Fast forward. The only honorable motivation for trying Khalid Sheikh Mohammed in our civilian courts, although otherwise misguided, would be to showcase our fair and impartial system of due process and, indeed, that has been this administration’s stated intent.

Yet, last November, Attorney General Eric Holder promised Congress that failure to convict KSM “is not an option” and President Obama predicted that criticism would die down after KSM is “convicted” and “the death penalty is applied.”

Apparently, no one got the message that the top man in the Justice Department and the leader of the free world got their lethal-injection-horses before their presumption-of-innocence carts. More recently, Vice-President Biden promised a conviction. White House spokesman Robert Gibbs was unequivocal in an interview with CNN: “KSM is going to meet justice and he’s going to meet his maker…He is likely to be executed for the heinous crimes that he committed in…masterminding the killing of 3,000 Americans.”

Suppose Russia or China were holding an American citizen for trial. Imagine how we Americans would react to an early-morning promise of impartial justice made by President Medvedev or President Hu Jintao followed by an early-afternoon guarantee of conviction and execution before one witness testified?

Moreover, please note that “if” there is a conviction, the administration should not be so quick to predict execution, for while we weren’t looking, the liberal faction of the Supreme Court has been killing the Eighth Amendment.

The job of the judicial branch is to interpret the law, not to make it. If we still profess to be “a government of laws and not of men,” honoring the constraints of what we still call “the highest law of the land” is mandatory.

The provisions of Article V of the Constitution provide the only valid method for amendment.

It, in part, requires two-thirds of the Senate, two-thirds of the House and ratification by three-fourths of the state legislatures. Yet, in 1958, five members of the high court decided that the constitutional limits of “cruel and unusual punishment” should no longer be determined by the original intent of the framers, but rather by “evolving standards of decency that mark the progress of a maturing society.”

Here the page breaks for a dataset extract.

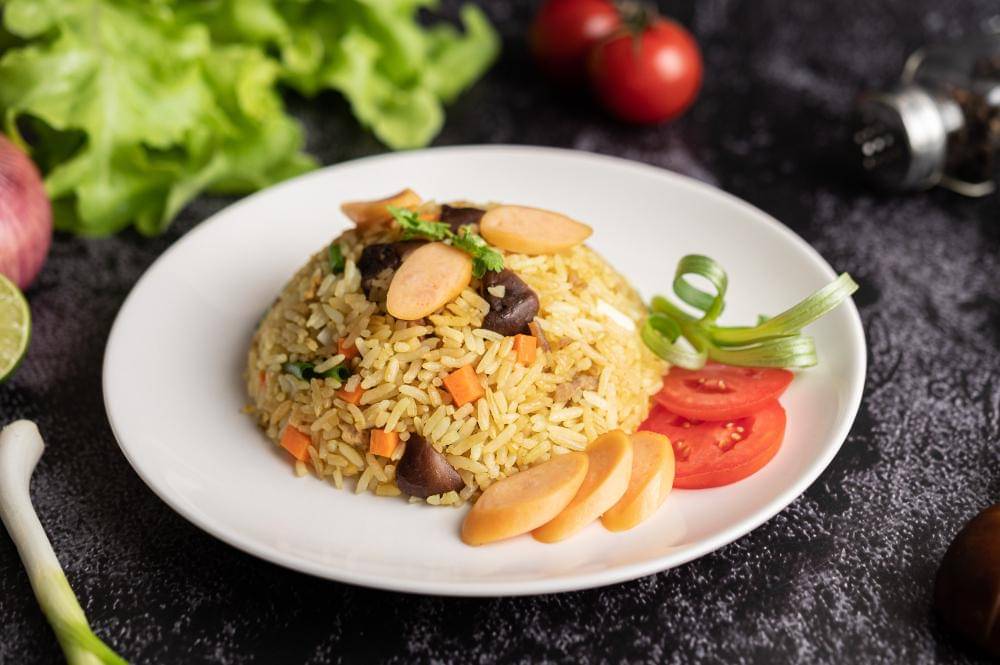 ilustrasi nasi goreng (freepik.com/jcomp)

Ok, but who defines that moving target? It has the feel of a legislative function. But justices have decided in the ensuing years that they are more decent than the elected legislative bodies around the country and, in the process, have destroyed representative democracy.

I do not address the morality or policy of the death penalty or even the reliability of the process. The first question to be answered is whether our Constitution was meant to be amended by five justices who take it upon themselves to decide for Americans and their elected representatives what is “decent” today. That is far easier than abiding by Article V, but it does not have the backing of “We, the People.”

The president may well be mistaken to assume a post-conviction execution of Khalid Sheikh Mohammed. In a 1982 decision, five members of the U.S. Supreme Court struck down the will of the presumed “decent” members of a unanimous jury by holding a statute unconstitutional that permitted a get-away driver to be put to death because his partner in crime murdered their robbery victims. He was culpable, but the court said it would not be “decent” to execute a man who did not pull the trigger. Do you think KSM’s lawyer will argue, in like manner, that KSM did not pilot the planes?

Our present leaders have tainted the jury pool with their rhetoric and, ironically, have sullied the very system they say they would like to showcase as the world’s model of virtue. Perhaps these cowboys should at least leave the rope at the corral before heading to the courthouse.